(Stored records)
%%

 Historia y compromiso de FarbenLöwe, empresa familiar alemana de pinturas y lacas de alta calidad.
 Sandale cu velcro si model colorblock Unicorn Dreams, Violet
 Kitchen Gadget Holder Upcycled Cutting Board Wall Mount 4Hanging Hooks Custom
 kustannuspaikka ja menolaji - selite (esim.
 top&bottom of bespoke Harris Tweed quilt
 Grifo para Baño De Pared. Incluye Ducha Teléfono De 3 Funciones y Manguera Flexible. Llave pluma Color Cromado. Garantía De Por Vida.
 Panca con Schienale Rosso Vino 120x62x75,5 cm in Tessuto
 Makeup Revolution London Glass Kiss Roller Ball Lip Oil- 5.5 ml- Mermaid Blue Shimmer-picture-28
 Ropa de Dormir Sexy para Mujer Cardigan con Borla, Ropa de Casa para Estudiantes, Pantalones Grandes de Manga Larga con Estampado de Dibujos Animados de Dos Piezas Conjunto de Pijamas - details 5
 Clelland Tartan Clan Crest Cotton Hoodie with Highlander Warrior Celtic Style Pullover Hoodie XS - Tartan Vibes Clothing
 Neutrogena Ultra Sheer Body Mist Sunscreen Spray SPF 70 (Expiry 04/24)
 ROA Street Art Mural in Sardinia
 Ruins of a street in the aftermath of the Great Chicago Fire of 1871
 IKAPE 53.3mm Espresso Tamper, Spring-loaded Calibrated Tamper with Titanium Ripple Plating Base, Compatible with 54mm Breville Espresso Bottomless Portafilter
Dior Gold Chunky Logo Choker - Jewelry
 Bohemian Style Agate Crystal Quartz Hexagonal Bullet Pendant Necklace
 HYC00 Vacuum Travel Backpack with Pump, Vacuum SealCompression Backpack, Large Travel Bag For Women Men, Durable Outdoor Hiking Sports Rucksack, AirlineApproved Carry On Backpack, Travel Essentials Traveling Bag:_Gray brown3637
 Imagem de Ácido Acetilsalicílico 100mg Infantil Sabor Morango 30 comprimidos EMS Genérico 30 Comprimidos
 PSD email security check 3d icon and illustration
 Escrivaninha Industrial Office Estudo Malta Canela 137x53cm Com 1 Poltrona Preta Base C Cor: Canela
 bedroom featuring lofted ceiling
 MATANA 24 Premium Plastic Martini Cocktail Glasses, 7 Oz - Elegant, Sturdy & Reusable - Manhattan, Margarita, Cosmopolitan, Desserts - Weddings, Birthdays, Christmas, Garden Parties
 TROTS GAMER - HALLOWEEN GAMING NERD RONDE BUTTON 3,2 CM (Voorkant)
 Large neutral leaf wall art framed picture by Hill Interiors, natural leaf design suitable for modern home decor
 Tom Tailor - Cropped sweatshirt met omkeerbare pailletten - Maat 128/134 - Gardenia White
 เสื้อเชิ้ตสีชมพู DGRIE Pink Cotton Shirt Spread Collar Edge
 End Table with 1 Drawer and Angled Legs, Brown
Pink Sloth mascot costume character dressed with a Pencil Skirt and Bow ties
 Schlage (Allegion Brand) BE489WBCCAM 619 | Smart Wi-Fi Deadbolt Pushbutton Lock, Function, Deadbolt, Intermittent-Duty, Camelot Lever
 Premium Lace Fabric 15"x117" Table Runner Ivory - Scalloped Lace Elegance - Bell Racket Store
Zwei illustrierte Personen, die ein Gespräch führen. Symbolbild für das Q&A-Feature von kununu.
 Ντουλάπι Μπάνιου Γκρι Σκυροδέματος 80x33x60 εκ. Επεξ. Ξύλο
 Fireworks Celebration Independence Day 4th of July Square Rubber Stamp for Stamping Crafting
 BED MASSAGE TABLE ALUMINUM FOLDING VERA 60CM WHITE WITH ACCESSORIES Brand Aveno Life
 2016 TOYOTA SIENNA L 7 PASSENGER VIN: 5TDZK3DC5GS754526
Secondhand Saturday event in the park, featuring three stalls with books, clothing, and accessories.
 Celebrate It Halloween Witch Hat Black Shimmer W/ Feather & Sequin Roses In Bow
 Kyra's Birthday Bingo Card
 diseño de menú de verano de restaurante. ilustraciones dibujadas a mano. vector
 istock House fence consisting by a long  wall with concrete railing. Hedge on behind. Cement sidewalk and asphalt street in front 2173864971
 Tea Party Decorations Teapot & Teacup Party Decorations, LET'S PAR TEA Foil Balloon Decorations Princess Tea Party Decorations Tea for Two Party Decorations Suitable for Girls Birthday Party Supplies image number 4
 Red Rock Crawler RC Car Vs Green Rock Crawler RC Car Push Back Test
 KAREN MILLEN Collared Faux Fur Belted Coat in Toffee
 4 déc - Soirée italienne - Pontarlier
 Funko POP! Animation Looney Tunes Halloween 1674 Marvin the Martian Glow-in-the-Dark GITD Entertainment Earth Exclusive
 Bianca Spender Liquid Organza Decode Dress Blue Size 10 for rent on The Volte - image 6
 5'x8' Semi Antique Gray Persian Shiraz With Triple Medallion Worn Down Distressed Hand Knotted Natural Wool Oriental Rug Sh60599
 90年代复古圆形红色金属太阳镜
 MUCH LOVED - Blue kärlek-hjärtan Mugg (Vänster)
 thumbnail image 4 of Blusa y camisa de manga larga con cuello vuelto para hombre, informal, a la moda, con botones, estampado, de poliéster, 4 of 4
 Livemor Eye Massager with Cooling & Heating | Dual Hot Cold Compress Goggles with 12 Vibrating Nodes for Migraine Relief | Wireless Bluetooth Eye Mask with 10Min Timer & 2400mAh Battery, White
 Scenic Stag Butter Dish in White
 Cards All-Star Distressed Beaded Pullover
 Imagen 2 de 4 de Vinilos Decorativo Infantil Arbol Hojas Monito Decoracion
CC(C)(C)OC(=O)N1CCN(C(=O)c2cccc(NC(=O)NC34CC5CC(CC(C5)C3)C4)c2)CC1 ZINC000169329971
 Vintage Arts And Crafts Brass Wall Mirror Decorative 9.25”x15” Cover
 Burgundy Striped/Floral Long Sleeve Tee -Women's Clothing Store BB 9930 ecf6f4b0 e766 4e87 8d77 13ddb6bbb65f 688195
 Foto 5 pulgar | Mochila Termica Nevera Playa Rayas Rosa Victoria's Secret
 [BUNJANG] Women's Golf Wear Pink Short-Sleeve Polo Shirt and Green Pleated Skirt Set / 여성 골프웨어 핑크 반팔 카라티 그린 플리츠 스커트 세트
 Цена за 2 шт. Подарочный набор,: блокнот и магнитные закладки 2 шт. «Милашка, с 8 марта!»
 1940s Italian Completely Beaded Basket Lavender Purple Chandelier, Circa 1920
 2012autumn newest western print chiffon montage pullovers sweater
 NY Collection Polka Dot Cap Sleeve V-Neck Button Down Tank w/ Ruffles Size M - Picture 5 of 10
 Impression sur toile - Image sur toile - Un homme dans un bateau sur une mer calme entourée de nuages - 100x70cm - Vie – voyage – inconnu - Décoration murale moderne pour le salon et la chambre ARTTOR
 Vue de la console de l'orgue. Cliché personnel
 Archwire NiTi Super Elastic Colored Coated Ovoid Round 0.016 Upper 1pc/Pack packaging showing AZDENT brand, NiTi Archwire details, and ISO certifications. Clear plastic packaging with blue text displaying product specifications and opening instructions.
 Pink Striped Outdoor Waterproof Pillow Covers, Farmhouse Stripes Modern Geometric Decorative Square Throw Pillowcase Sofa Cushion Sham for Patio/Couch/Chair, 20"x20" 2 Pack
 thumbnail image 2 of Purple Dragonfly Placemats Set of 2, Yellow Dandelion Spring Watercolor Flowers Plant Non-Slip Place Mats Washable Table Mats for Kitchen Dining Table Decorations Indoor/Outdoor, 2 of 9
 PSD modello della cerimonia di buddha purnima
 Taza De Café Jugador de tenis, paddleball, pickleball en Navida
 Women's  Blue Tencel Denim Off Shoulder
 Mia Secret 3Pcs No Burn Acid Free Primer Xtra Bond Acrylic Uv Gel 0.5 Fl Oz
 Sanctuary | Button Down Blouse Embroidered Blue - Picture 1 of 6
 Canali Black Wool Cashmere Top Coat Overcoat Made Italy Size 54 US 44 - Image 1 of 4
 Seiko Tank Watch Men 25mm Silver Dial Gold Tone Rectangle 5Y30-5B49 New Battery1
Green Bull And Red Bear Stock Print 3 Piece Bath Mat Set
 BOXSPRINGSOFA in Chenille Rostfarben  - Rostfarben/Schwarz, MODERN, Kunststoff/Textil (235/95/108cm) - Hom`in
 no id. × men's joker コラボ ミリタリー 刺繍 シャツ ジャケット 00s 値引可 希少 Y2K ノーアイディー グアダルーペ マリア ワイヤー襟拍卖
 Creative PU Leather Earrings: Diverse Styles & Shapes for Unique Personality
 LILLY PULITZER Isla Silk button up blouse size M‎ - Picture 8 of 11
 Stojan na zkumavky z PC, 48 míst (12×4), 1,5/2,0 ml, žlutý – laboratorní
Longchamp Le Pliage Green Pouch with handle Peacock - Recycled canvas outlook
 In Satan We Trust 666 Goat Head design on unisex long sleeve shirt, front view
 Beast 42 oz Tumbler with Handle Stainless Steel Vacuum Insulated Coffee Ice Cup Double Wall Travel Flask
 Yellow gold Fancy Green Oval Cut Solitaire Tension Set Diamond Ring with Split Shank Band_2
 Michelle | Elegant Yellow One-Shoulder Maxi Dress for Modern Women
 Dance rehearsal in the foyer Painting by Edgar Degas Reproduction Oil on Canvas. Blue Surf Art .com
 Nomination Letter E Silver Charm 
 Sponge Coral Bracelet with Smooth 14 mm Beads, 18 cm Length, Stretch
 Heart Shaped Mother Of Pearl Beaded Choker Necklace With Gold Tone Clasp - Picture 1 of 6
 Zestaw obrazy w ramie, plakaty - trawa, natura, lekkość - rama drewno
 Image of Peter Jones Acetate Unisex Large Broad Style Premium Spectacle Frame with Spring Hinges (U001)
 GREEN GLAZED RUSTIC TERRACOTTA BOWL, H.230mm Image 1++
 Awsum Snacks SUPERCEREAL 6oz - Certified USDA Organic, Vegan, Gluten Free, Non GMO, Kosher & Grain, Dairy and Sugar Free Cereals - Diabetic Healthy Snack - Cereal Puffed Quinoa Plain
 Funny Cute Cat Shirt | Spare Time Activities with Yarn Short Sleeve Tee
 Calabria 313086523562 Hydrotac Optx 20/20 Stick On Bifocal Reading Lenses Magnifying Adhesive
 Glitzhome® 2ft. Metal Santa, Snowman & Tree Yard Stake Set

%%

## Brief
Give the exact lines, and only those, from the line containing "Panca con Schienale" through the line containing "Ropa de Dormir" in the entries above.

## Answer to this problem
 Panca con Schienale Rosso Vino 120x62x75,5 cm in Tessuto
 Makeup Revolution London Glass Kiss Roller Ball Lip Oil- 5.5 ml- Mermaid Blue Shimmer-picture-28
 Ropa de Dormir Sexy para Mujer Cardigan con Borla, Ropa de Casa para Estudiantes, Pantalones Grandes de Manga Larga con Estampado de Dibujos Animados de Dos Piezas Conjunto de Pijamas - details 5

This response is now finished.